(Records from a data collection)
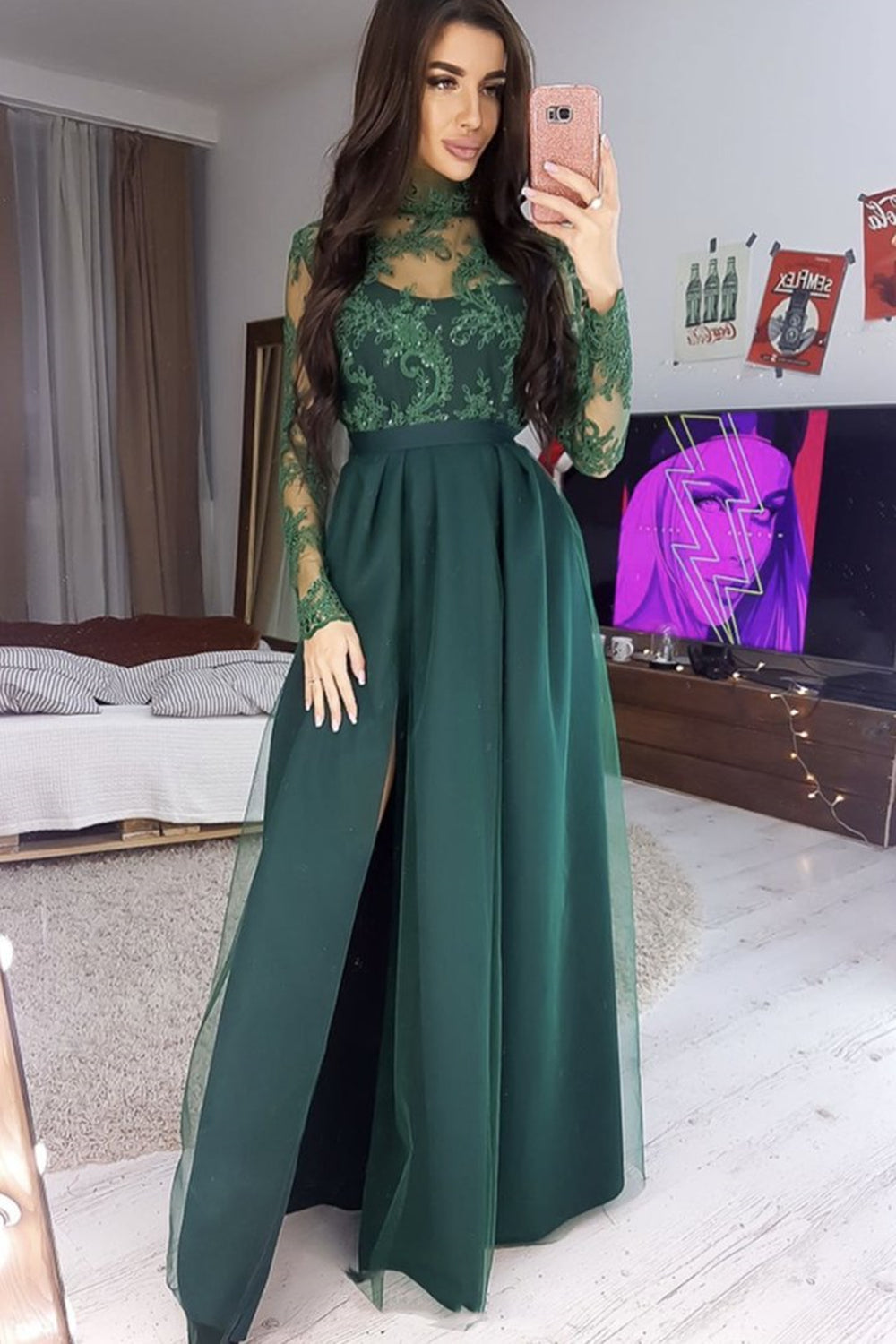 Unthony - Long Sleeves High Neck Green Lace Long Prom Dress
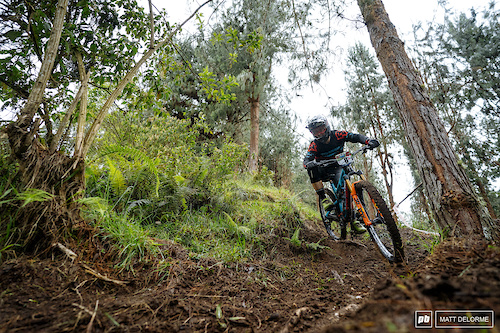 Remi Gauvin is finding these trails to be much like his home trails, just maybe with the slick turned up.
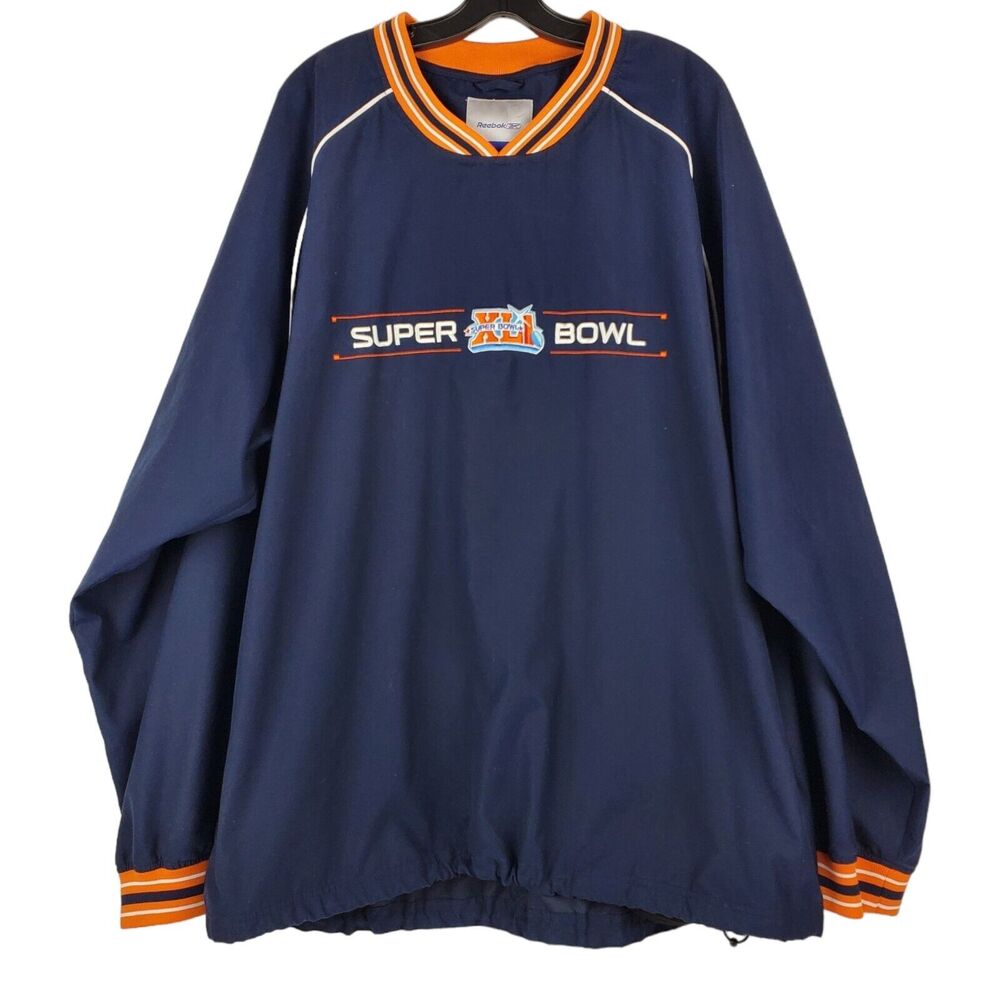 SUPER BOWL XLI Jacket Adult 2XL Blue REEBOK Pullover COLTS vs BEARS 2006 Stitch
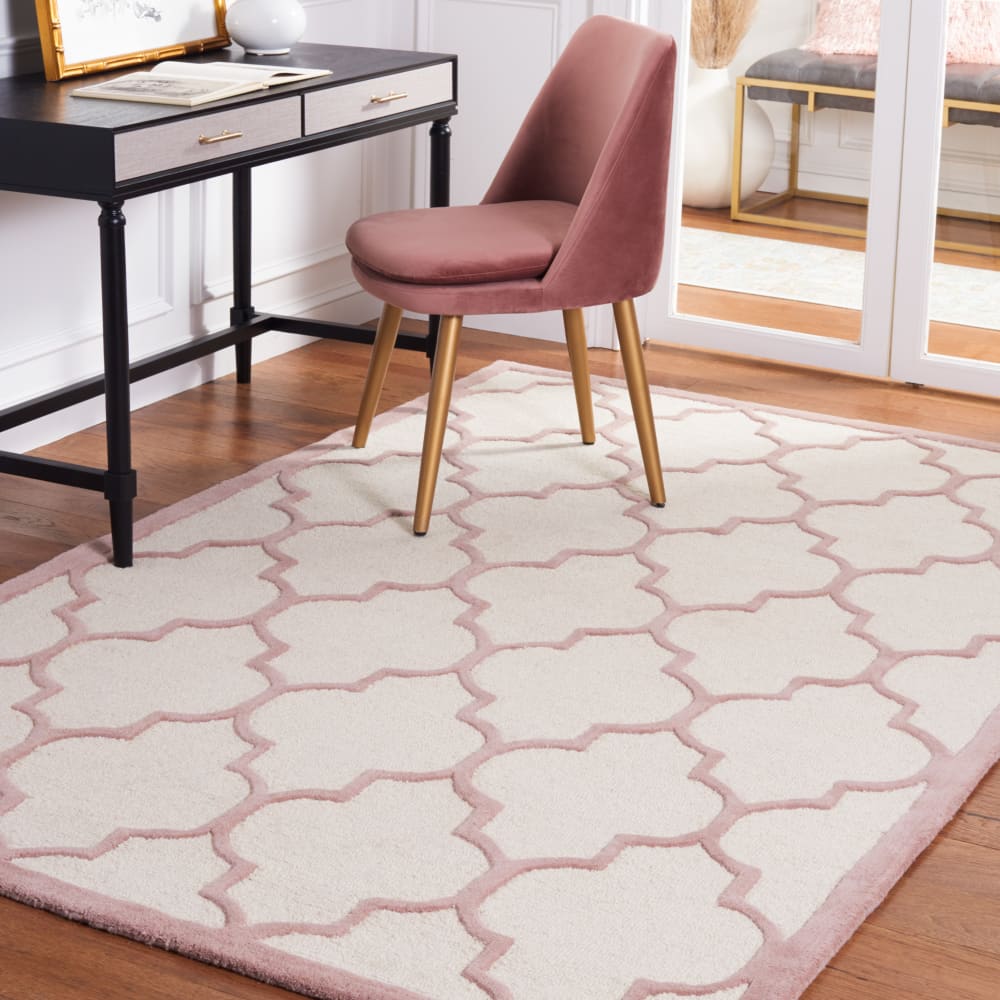 Tapis treillis en laine blanc/beige, 122 x 183 cm — vue 3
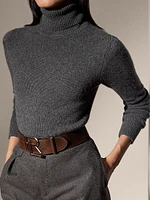 Lofty Cashmere Turtleneck Top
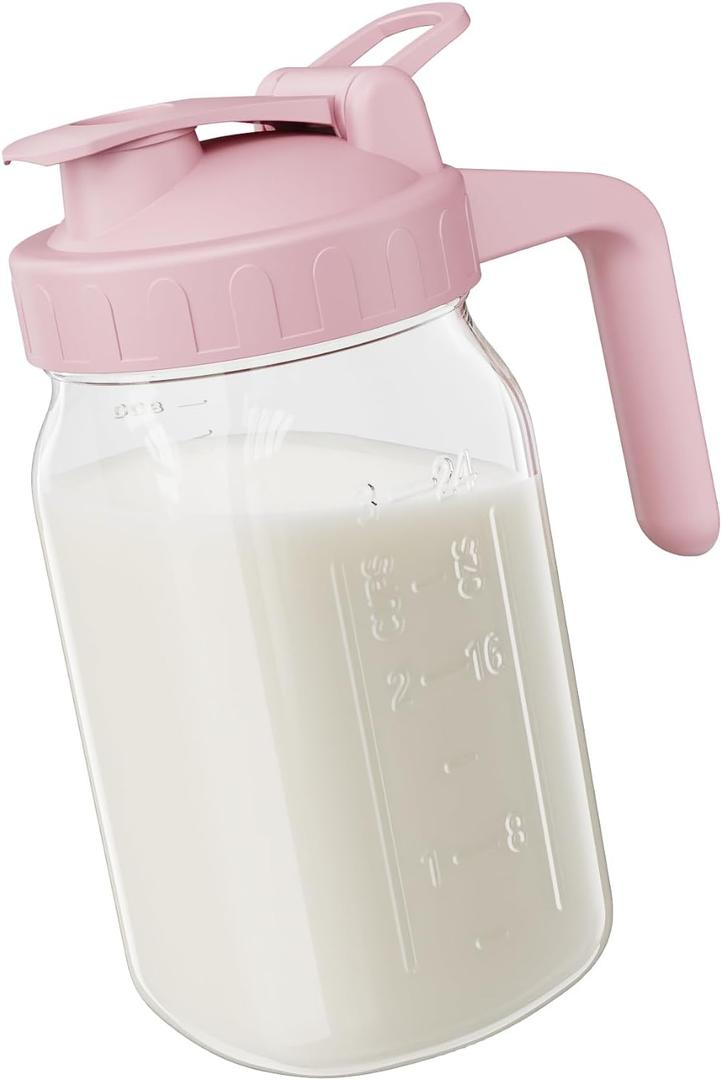 Breast Milk Pitcher Jug - 32 oz Glass Mason Jar Airtight Pitcher with Pour Spout Handle for Breastmilk, Iced Tea, Ice Drinks Storage ContainerPink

(Problem to solve)
The lines from the one containing "Tapis treillis en" through the last line of the entries are to be copied exactly, both ends included, and the pictures are to be omitted.

(Result of the task)
 Tapis treillis en laine blanc/beige, 122 x 183 cm — vue 3
 Lofty Cashmere Turtleneck Top
 Breast Milk Pitcher Jug - 32 oz Glass Mason Jar Airtight Pitcher with Pour Spout Handle for Breastmilk, Iced Tea, Ice Drinks Storage ContainerPink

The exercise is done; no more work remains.